Wheeler e o co-autor do estudo, Kevin Ummel, compilaram uma base de dados da Internet sobre contaminação com dióxido de carbono emitida por centrais elétricas e companhias em todo o mundo. A instalação mais contaminante, afirmar, fica em Taiwan, e a empresa com mais emissões encontra-se instalada na China continenta. Wheeler e Ummel calcularam tendências históricas separadas em matéria de emissões para dois grupos de países – os ricos do norte e os pobres do sul – usando novos dados sobre o período 1850-2005.

Em seguida, projetaram essas tendências no futuro próximo, usando dados do Grupo Intergovernamental de Especialistas sobre a Mudança Climática (IPCC), órgão científico ganhador do Nobel da Paz junto com Al Gore, ex-vice-presidente norte-americano transformado em ambientalista. Os pesquisadores concluíram que, até 2040, somente as emissões acumulativas de dióxido de carbono do sul pautarão a concentração atmosférica dessa base acima do registro atual de 387 partes por milhão. Para 2060, o nível superaria as 450 ppm, limite que o IPCC associa com conseqüências graves e irreversíveis.
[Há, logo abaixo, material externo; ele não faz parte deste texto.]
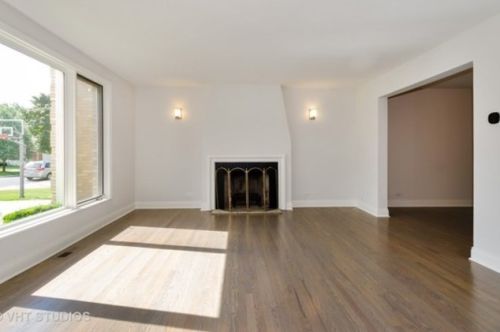 6726 Keating Ave, Chicago IL 60712-2405 exterior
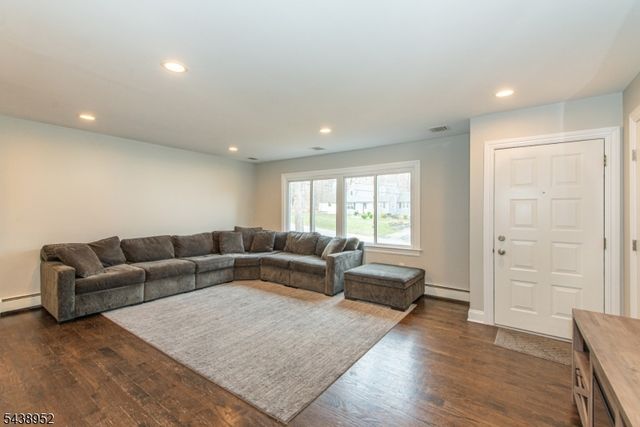 28 Riverview Rd, West Milford Twp., NJ 07438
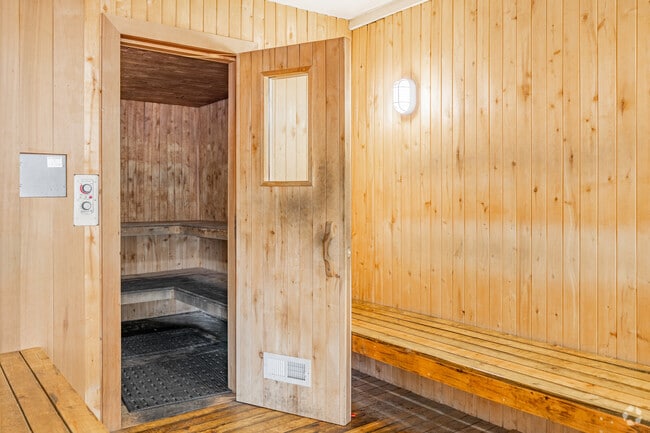 Sauna - Beach House Apartments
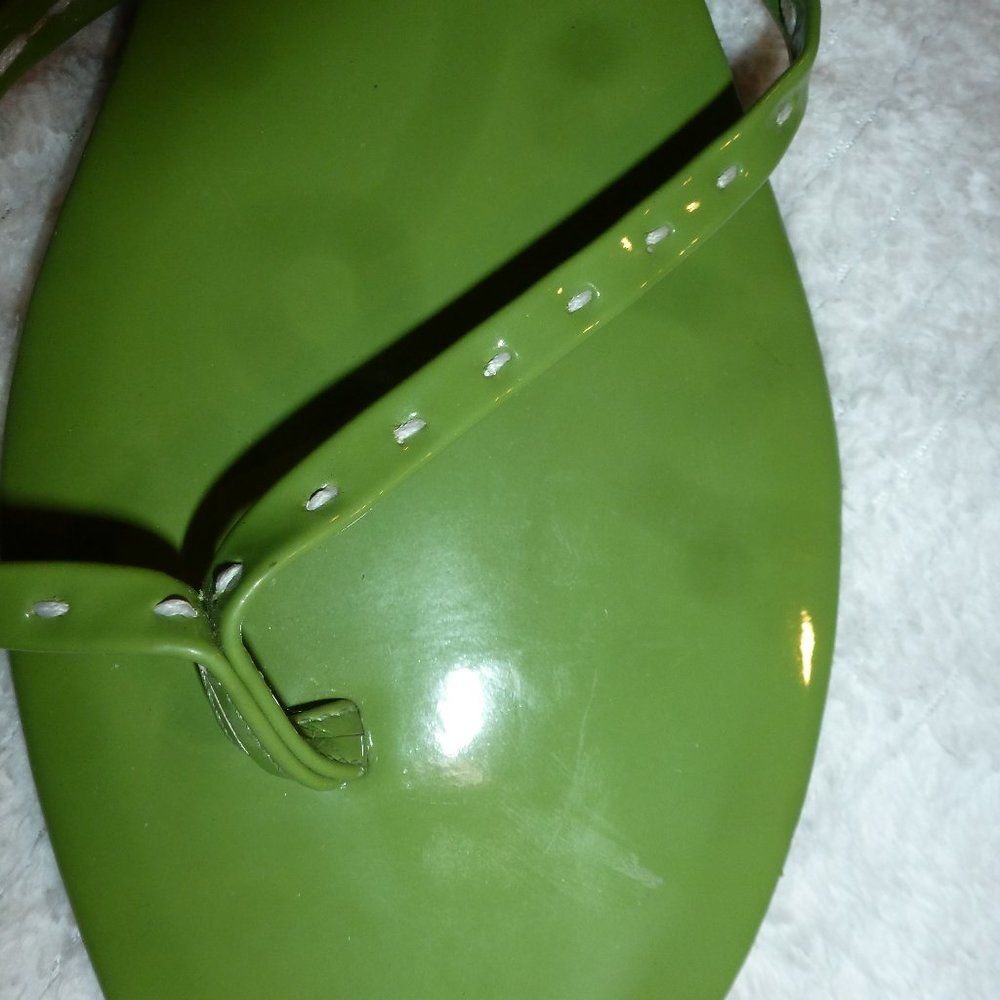 Montego Bay Club Womens Size 11 Green Thong Flip Flop Sandals - Picture 5 of 9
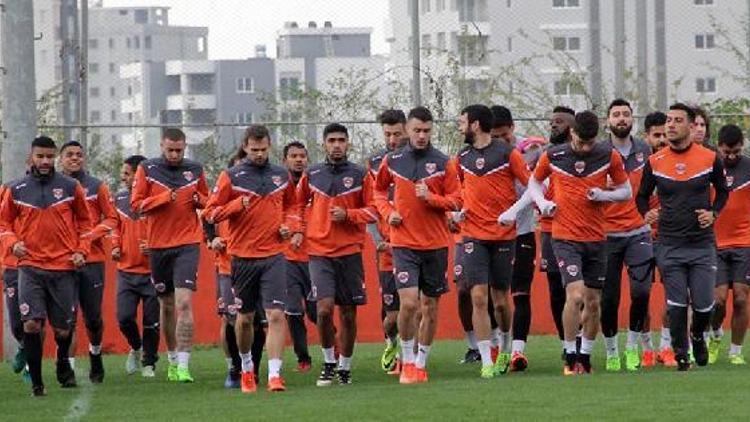 Adanaspor şut çalıştı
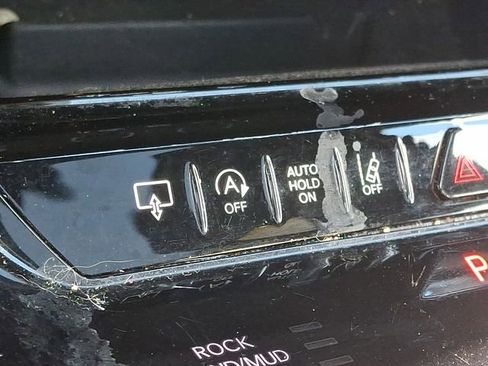 Used 2024 Jeep Grand Wagoneer L 4WD image 27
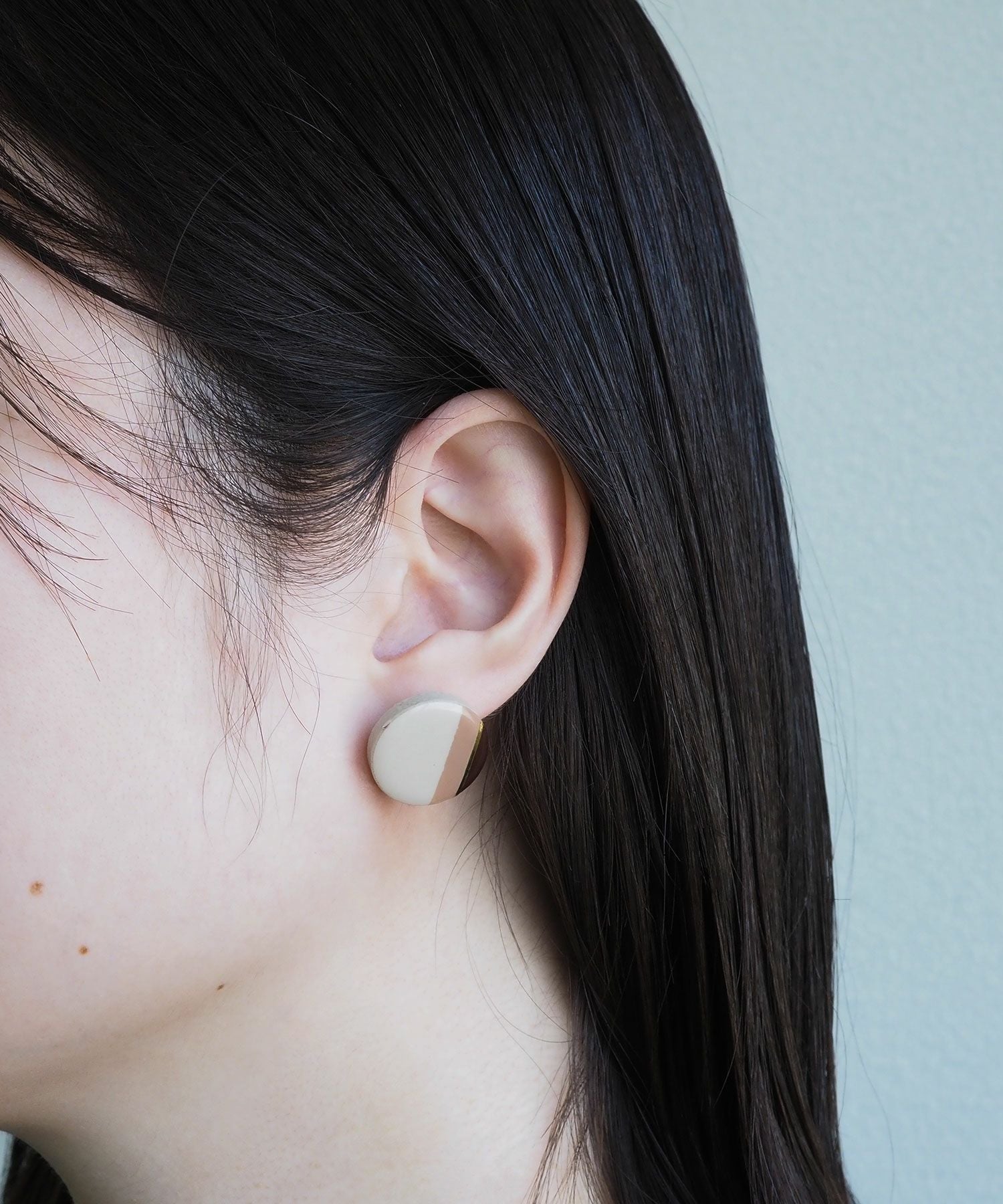 【MUK別注】美濃焼クラシックラインモカブラウンチタンポストピアス【MIKELO】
Para o final do século, a concentração atmosférica correspondente ao Sul se aproximará de 600 ppm, muito acima do que o estudo, citando o IPCC, catalogou como “a zona de perigo extremo para a catastrófica mudança climática”. É possível, inclusive, que os ambientalistas subestimem o problema ao excluir as emissões de outros potentes gases causadores do efeito estufa, como o metano, e as contribuições adicionais de efeitos secundários do aquecimento global em curso.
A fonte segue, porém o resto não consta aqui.